--- The records ---
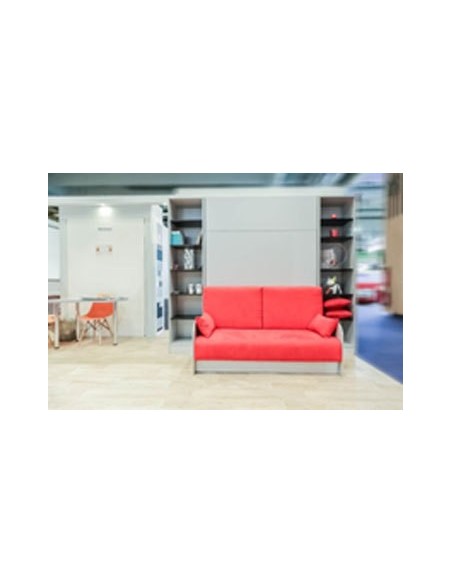 Lit rabattable réf 1060, 140 cm x 200 cm, tissu suède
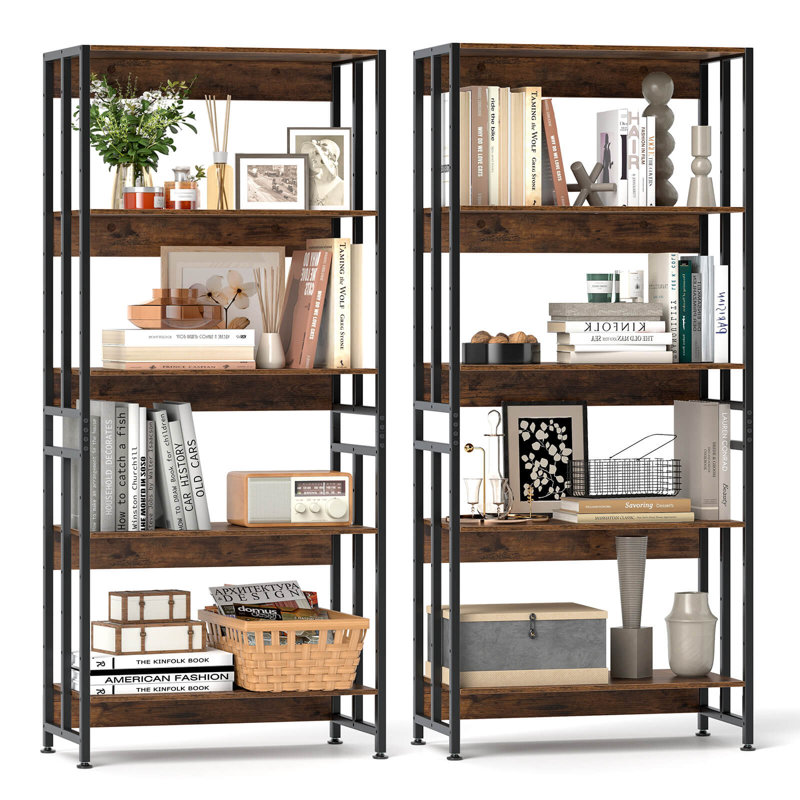 2 Pcs 5 Tier Bookshelf 62" Tall Bookcase With Tiltable Shelves Display Storage Rack, Brown/black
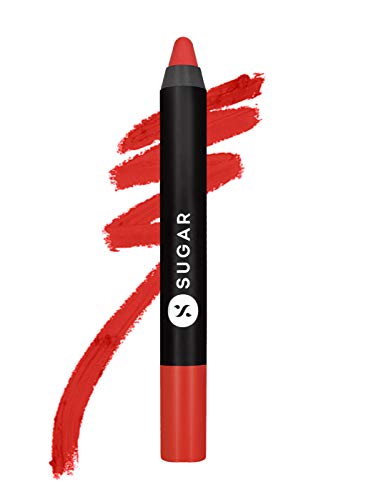 Червило SUGAR Cosmetics Matte As Hell Crayon Lipstick33 Pepper Anderson (оранжево-червена) с повишена яснота,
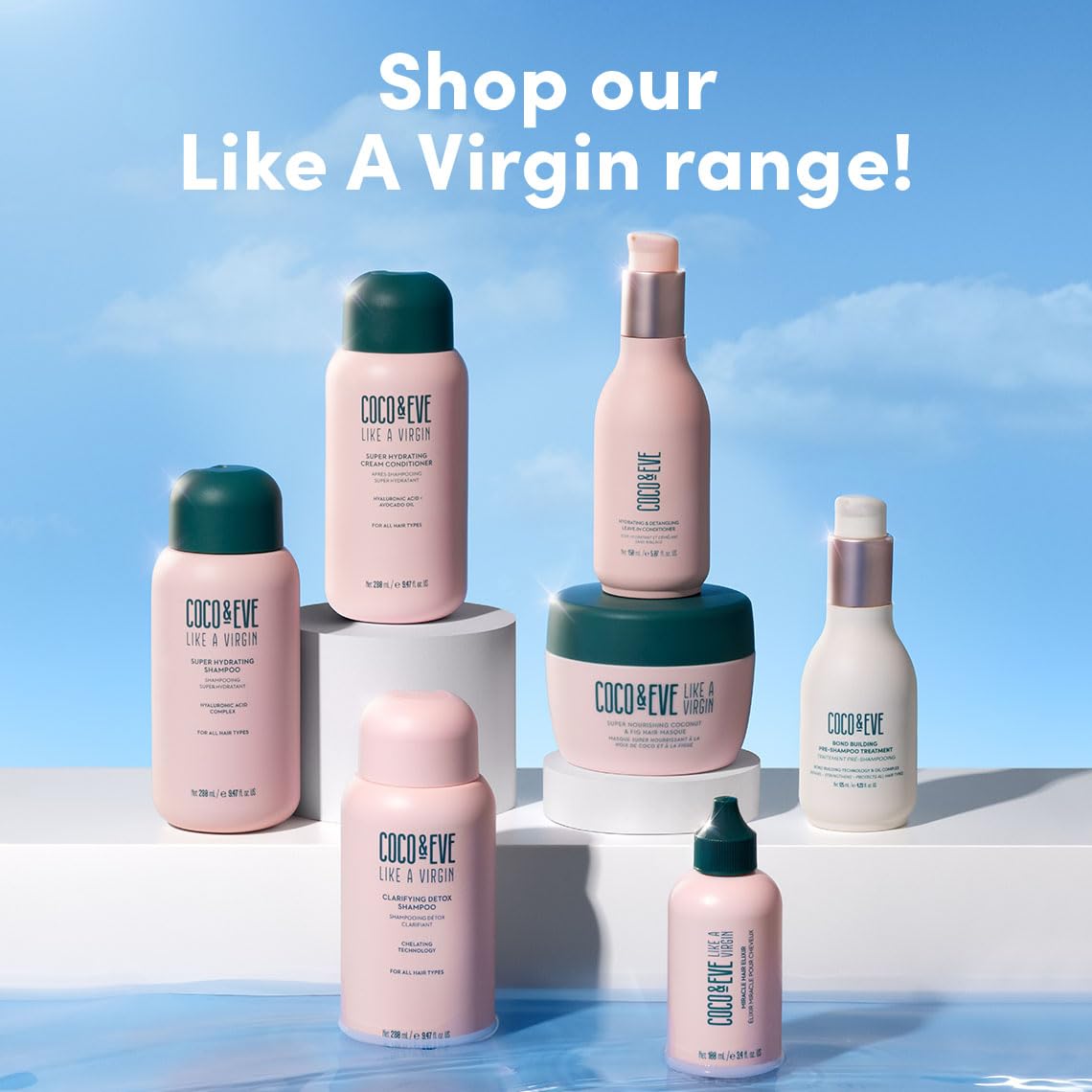 Coco Eve Like A Virgin packaging signals premium hydration benefits.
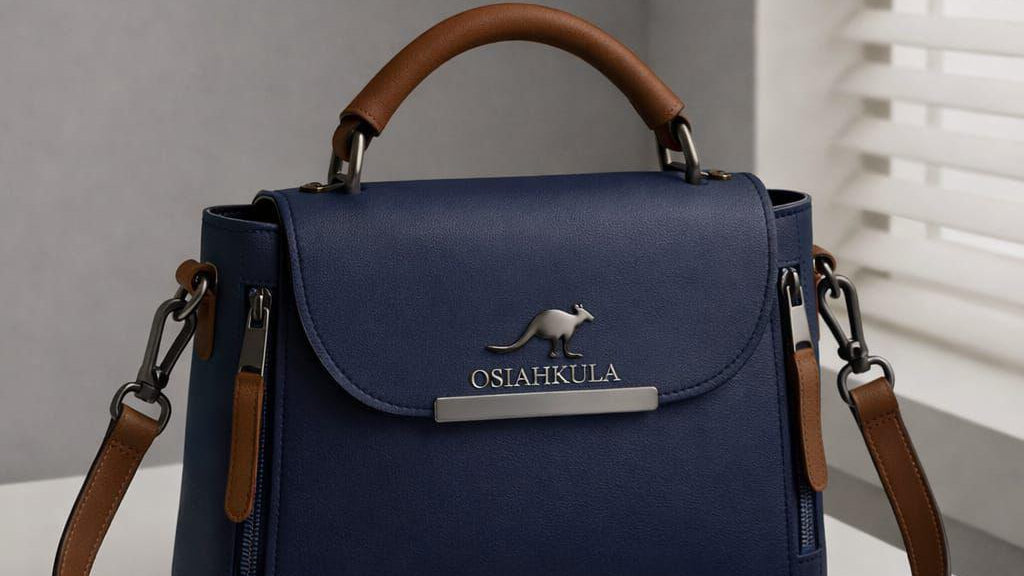 Navy handbag with brown straps and sunglasses on a light surface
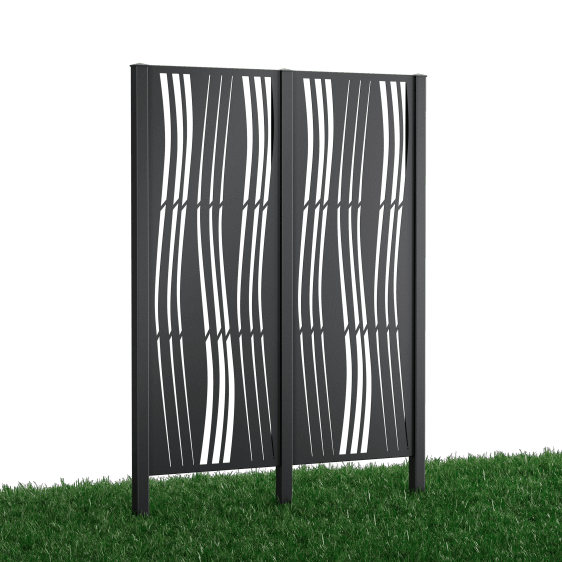 Metallsichtschutz Arno 2er Set zum Einbetonieren 3D Modell | Pulverbeschichtet Sonderfarbe RAL 7016 Anthrazitgrau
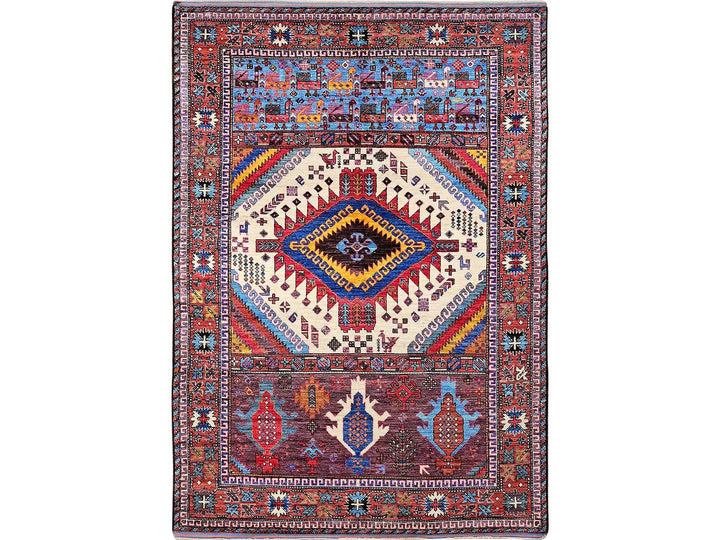 6'0" x 8'6" New Hand Knotted Ivory Wool Rectangle Oriental Rug - MOA102589
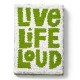 Zápisník s flitrovaným obalom - Live Life Loud A5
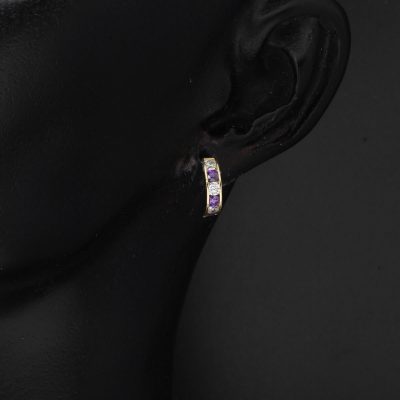Purple with Stones 14K Gold Hoop Kız Bebek Earringsi - 14K - 1.06g - EZ Gold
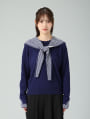 セーラーカラーフード付きクルーネックニット
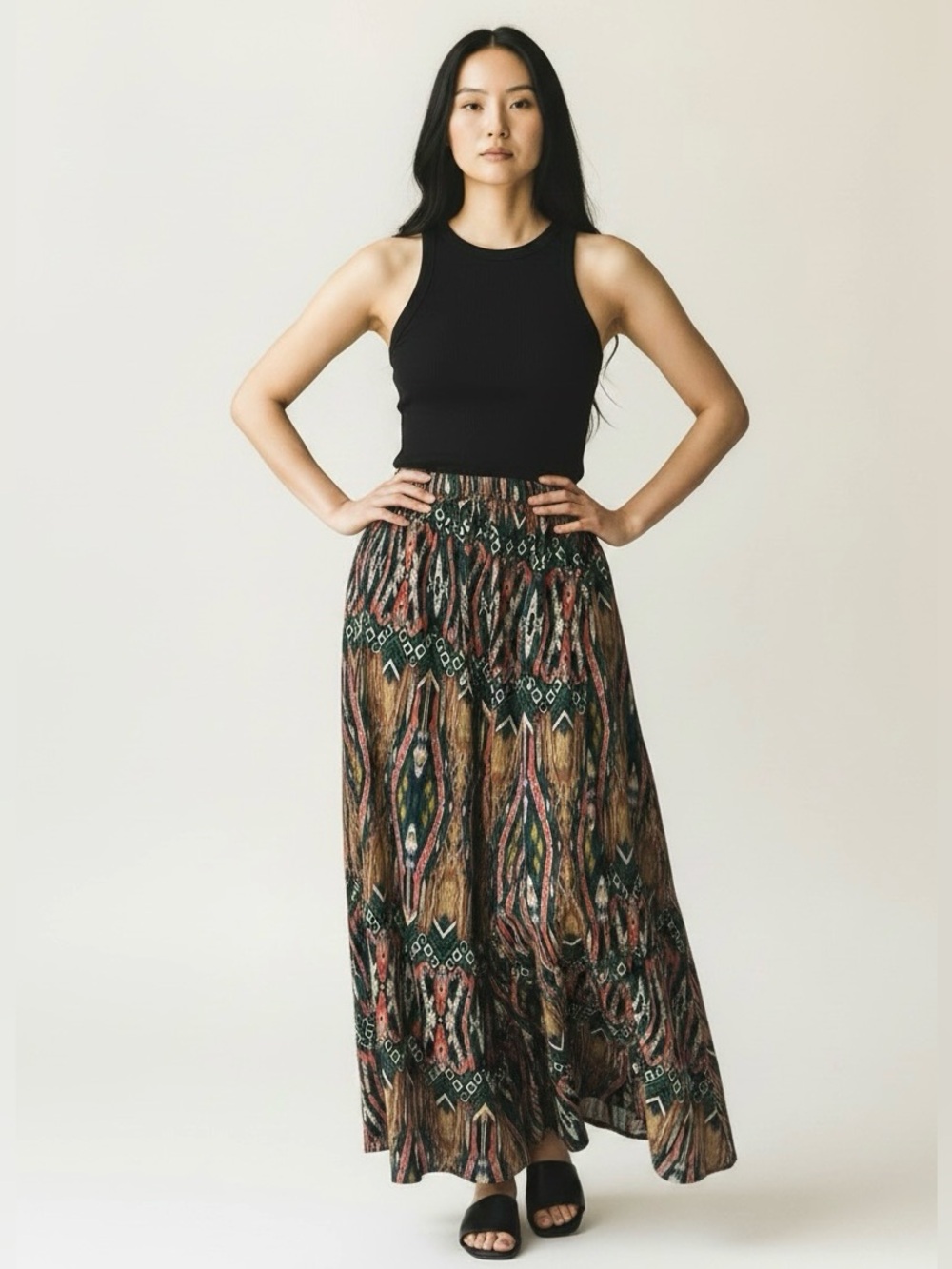 Mix Nouveau New York Tribal Boho Maxi Skirt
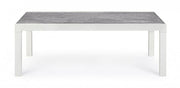 Table basse d'extérieur en aluminium blanc KLEDI LUNAR 120x70x h43 cm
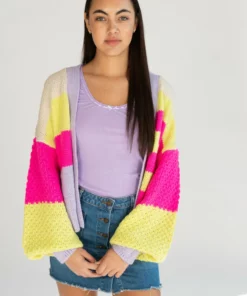 Colorblock Open Cardigan
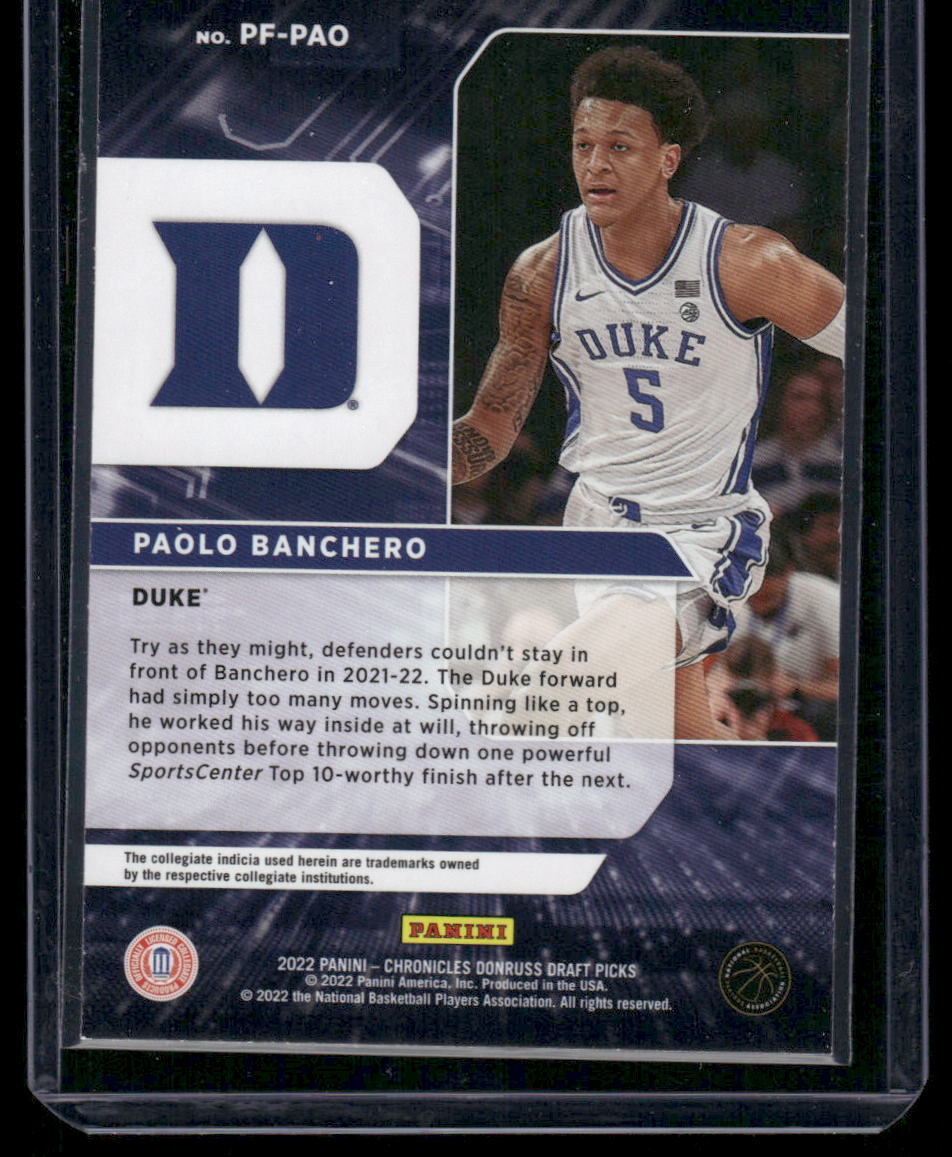 2022 Panini Chronicles Donruss Draft Picks Power Formulas Paolo Banchero #PF-PAO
---
# [Work to be completed]
Write out, exactly and only, the lines from the one containing "2 Pcs 5 Tier" through the last line of the material above. Pictures do not go in the copy.

# [Completed task]
 2 Pcs 5 Tier Bookshelf 62" Tall Bookcase With Tiltable Shelves Display Storage Rack, Brown/black
 Червило SUGAR Cosmetics Matte As Hell Crayon Lipstick33 Pepper Anderson (оранжево-червена) с повишена яснота,
 Coco Eve Like A Virgin packaging signals premium hydration benefits.
 Navy handbag with brown straps and sunglasses on a light surface
 Metallsichtschutz Arno 2er Set zum Einbetonieren 3D Modell | Pulverbeschichtet Sonderfarbe RAL 7016 Anthrazitgrau
 6'0" x 8'6" New Hand Knotted Ivory Wool Rectangle Oriental Rug - MOA102589
 Zápisník s flitrovaným obalom - Live Life Loud A5
Purple with Stones 14K Gold Hoop Kız Bebek Earringsi - 14K - 1.06g - EZ Gold
 セーラーカラーフード付きクルーネックニット
 Mix Nouveau New York Tribal Boho Maxi Skirt
 Table basse d'extérieur en aluminium blanc KLEDI LUNAR 120x70x h43 cm
 Colorblock Open Cardigan
 2022 Panini Chronicles Donruss Draft Picks Power Formulas Paolo Banchero #PF-PAO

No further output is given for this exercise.